RTA wants '06 ballots held for recount

By Andrea Kelly
Arizona Daily Star
Tucson, Arizona | Published: 07.30.2008
The Regional Transportation Authority wants to conduct its own unofficial recount of the ballots from the 2006 election, and wants a judge to require the county to keep the ballots until that happens.
To do that, the RTA board told its lawyer on Tuesday to submit a public-records request to the county for copies of the ballots, and to ask a Pima County Superior Court Judge not to destroy the ballots.
The move comes in response to a lawsuit Pima County Treasurer Beth Ford filed last week to ask a judge for a court order to either keep the ballots or destroy them.
She wants an order in either situation because state law allows her to keep the ballots for only six months. However, because they were potential evidence in two public-records court cases, the ballots have been preserved.
The authority wants the ballots kept until allegations of tampering during the election are resolved.
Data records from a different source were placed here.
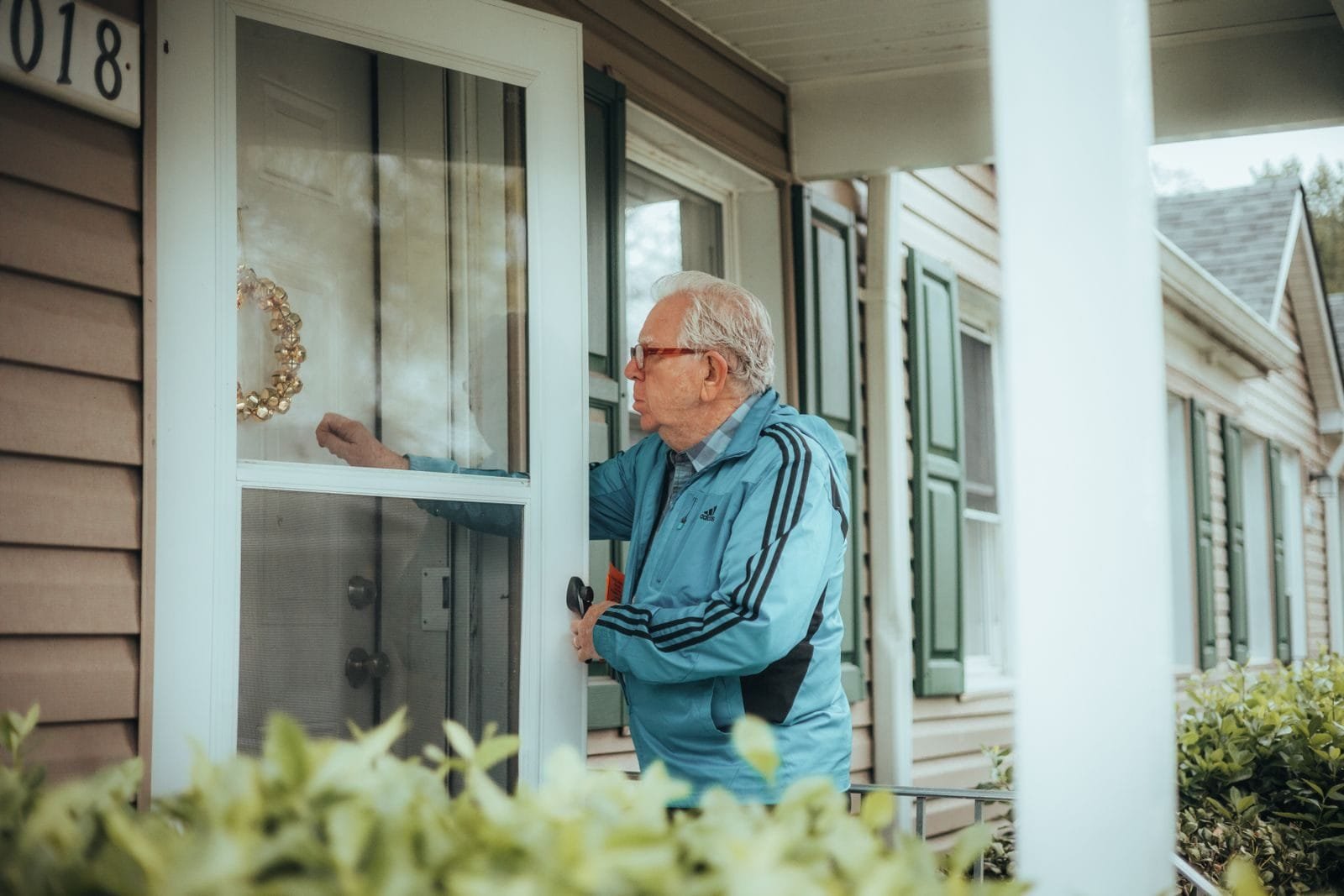 Elderly man in a blue jacket knocking on a suburban house door, showcasing community life.
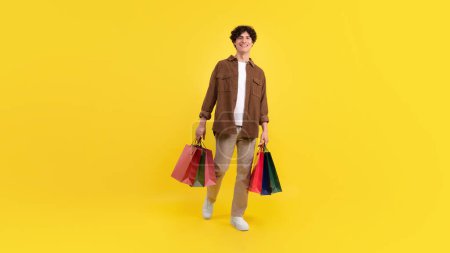 Photo for Big sale and shopping leisure. Cheerful young guy holding many paper bags smiling to camera on yellow background in studio. Panorama, full length of contented buyer with packages and purchases - Royalty Free Image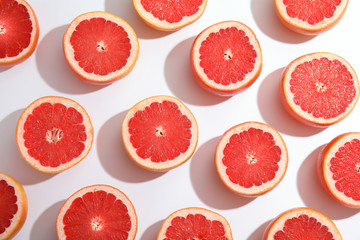 Fresh sliced ripe grapefruits on white background, top view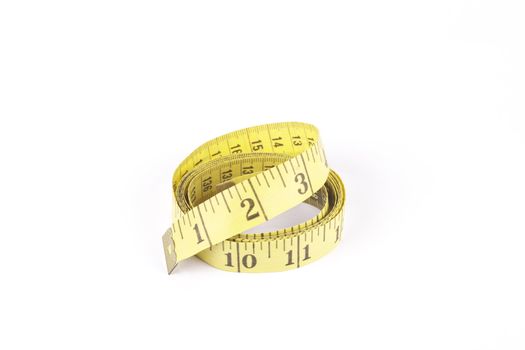 Yellow curled tape measure with a reflective white background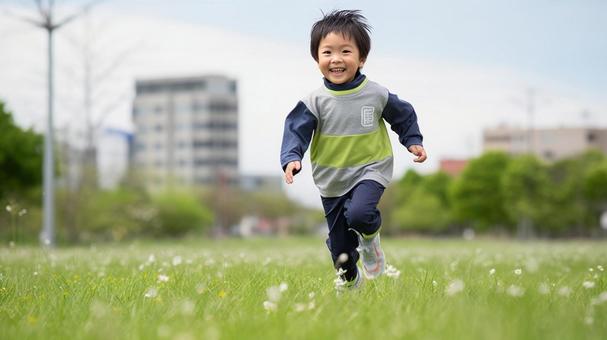 春の野原と日本人の男の子 春の野原と日本人の男の子の写真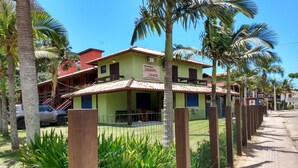 A row of two-story buildings with a sign indicating 'Condomínio' and 'Bairro'. - Condomínio Sargento Laranja (Garopaba)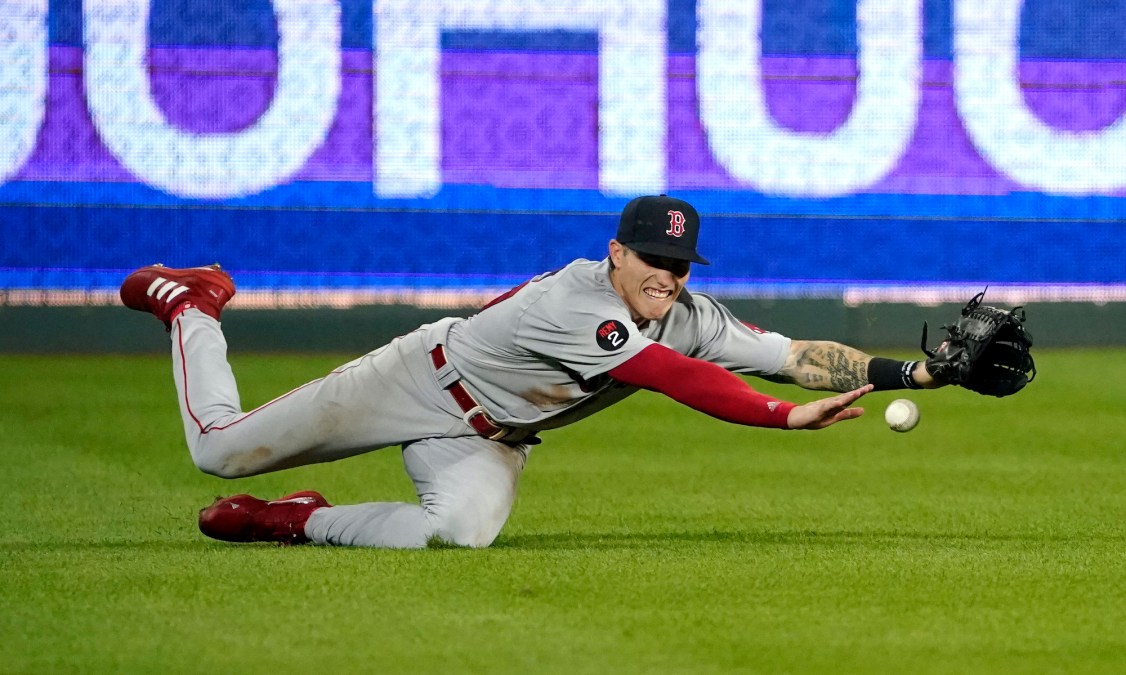 Boston Red Sox outfielder Jarren Duran fails to catch a ball.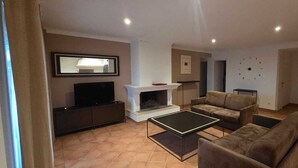 A living room with a fireplace, a television, a sofa, and a coffee table. - Villa Avec Apercu MER ET Piscine Privee (Sainte-Maxime)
Several elections-integrity advocates have raised concerns about the electronic records from the election, including allegations the votes were recorded incorrectly.
In May 2006, voters approved a $2 billion transportation plan and a sales tax to pay for the work.
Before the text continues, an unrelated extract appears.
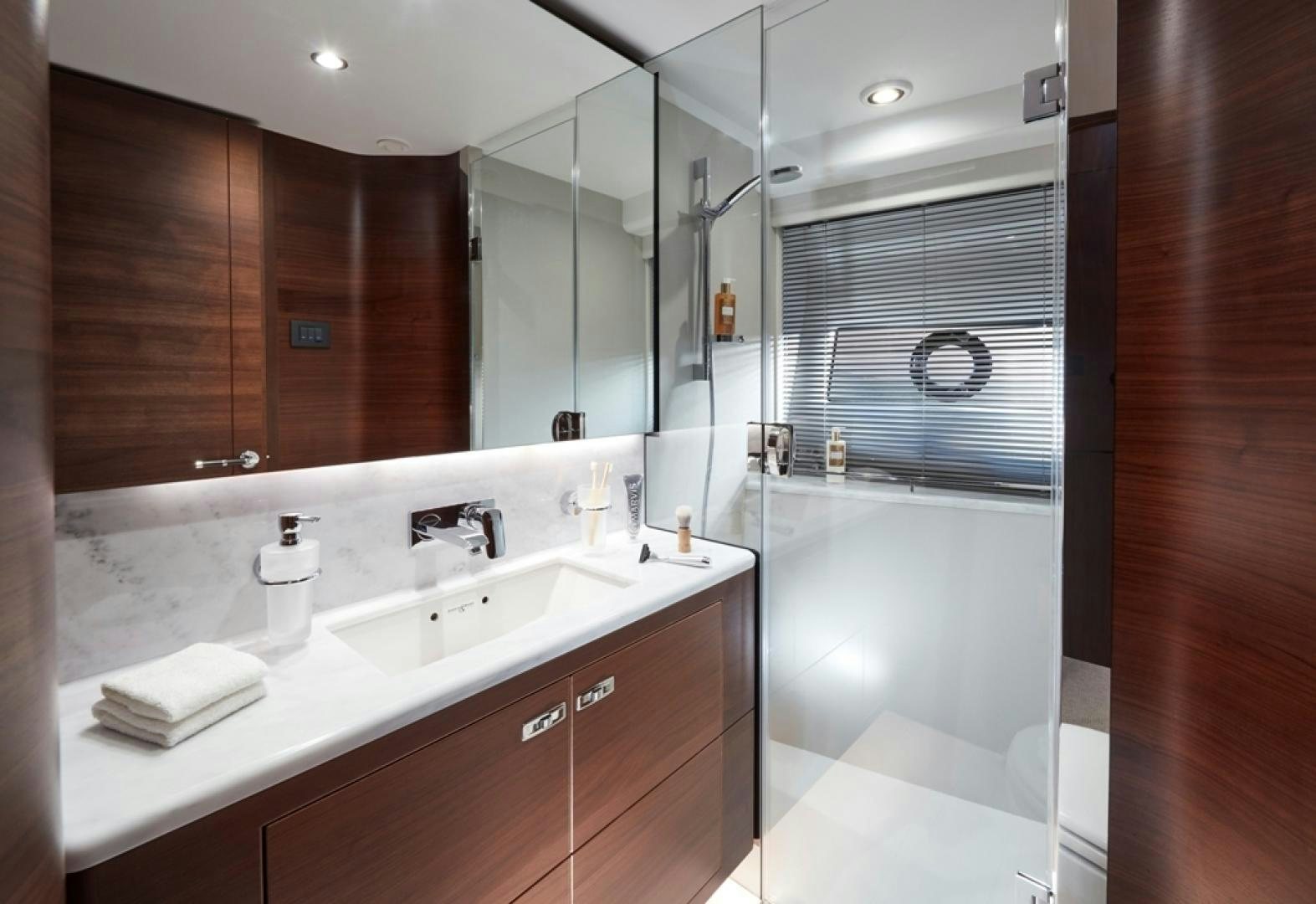a bathroom with a large mirror aboard S78  Yacht for Sale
The board voted 6-1 to ask answer Ford's suit with a request to keep the ballots and to request either the ballots or copies to verify the election results.
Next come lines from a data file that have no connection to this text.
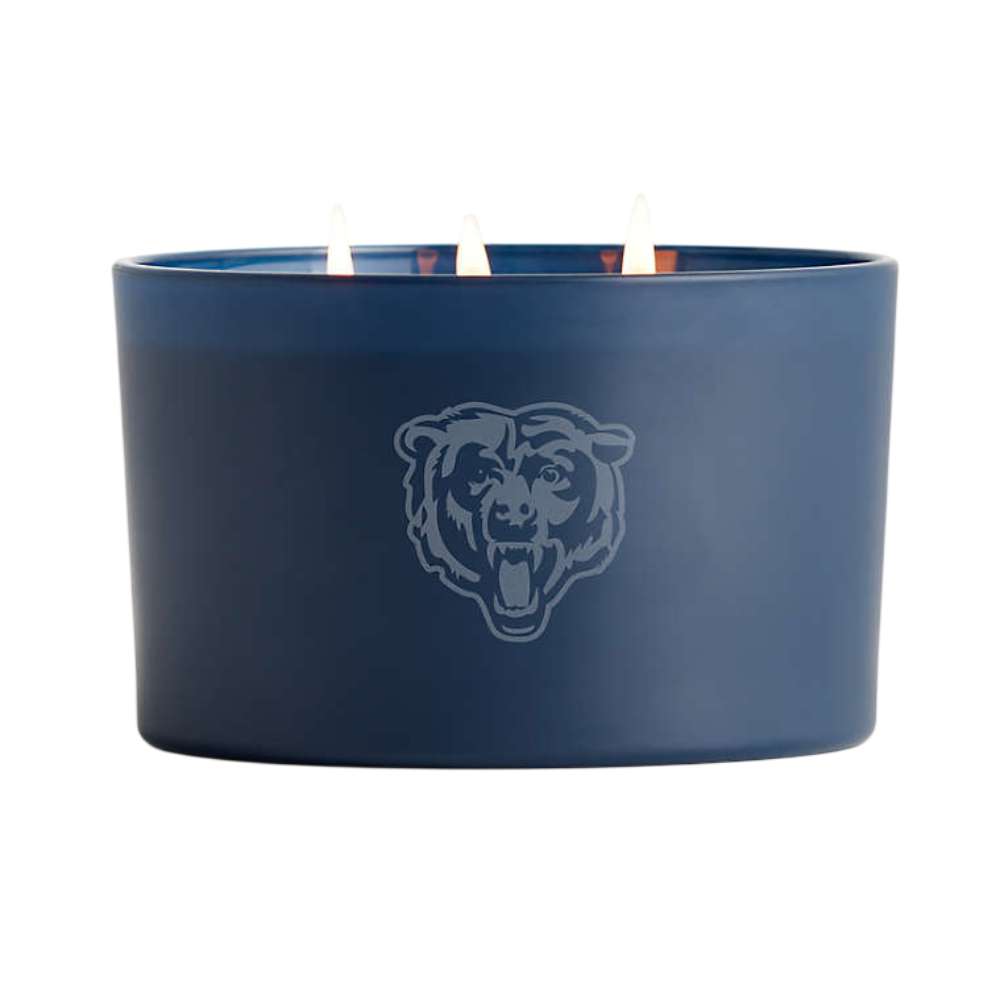 Indigo three-wick Crate & Barrel Monochrome Scented Candle featuring a Chicago Bears logo on the front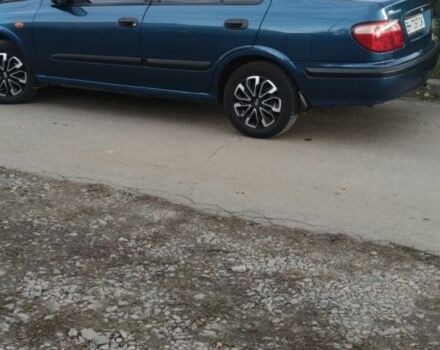 Синій Ніссан Альмера, об'ємом двигуна 1 л та пробігом 124 тис. км за 4250 $, фото 1 на Automoto.ua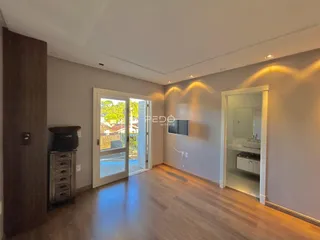 Sala de estar com piso de madeira e porta de vidro abrindo para o exterior.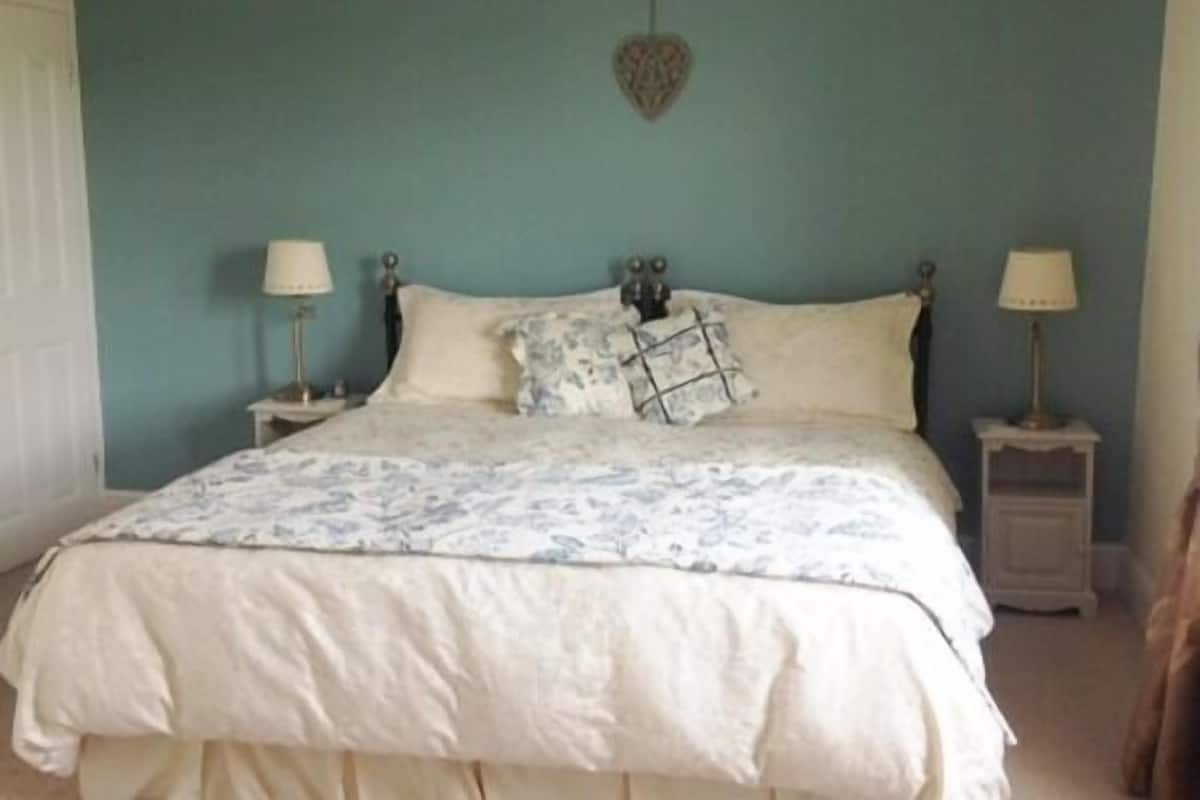 A bedroom with a bed, two bedside tables, and a wall-mounted light fixture.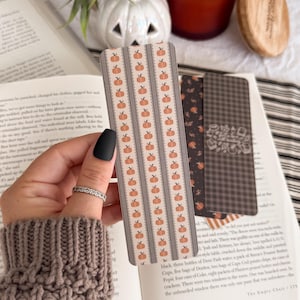 May include: A rectangular bookmark featuring a repeating pattern of small orange pumpkins arranged in vertical columns separated by thin, dark gray lace-like borders on a light beige background, with rounded corners and a smooth finish.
Board members Lynne Skelton, mayor of Sahuarita, and Peter Yucupicio, chair of the Pascua Yaqui Tribe, were absent.
Board member Si Schorr voted against the motion because state law doesn't allow for an unofficial recount of ballots from past elections, he said.
He supports keeping the ballots, but said it is not the RTA's job to verify an election.
"There is no provision in the law for an unofficial recount," said Schorr, chairman of the state Transportation Board.
Recounting the ballots is a way to restore the public's trust in the election, said Pima County Supervisor Ramón Valadez, a board member.
"We need to address it well, clear, and publicly," Valadez said.
Schorr countered that the time period for a recount expired "many, many months ago."
"But we must try," said Tucson Mayor Bob Walkup, also a board member.
Pima County Administrator Chuck Huckelberry, who has also opposed destruction of the ballots, said he's not sure whether the county will be able to fulfill a public-records request for the ballots.
The RTA's executive director, Gary Hayes, also isn't sure whether the ballots will be released.
"A judge will make that decision," Hayes said after the meeting.
The board needed to respond to the allegations and the lawsuit and encourage an unofficial recount of the ballots to restore public trust in the transportation authority, Hayes said.
"We are absolutely confident if a recount were conducted it would mirror polling conducted" before the election, Hayes said.
The polling has also been called into question by attorney Bill Risner, who has said polling by proponents of the transportation plan and sales tax showed the initiatives failing shortly before the election.
But Marketing Intelligence polling, conducted on behalf of the transportation plan proponents the week of the election, predicted the tax would pass with 57 percent to 66 percent approval of the voters. The plan was approved by 60 percent, and the tax was supported by 58 percent.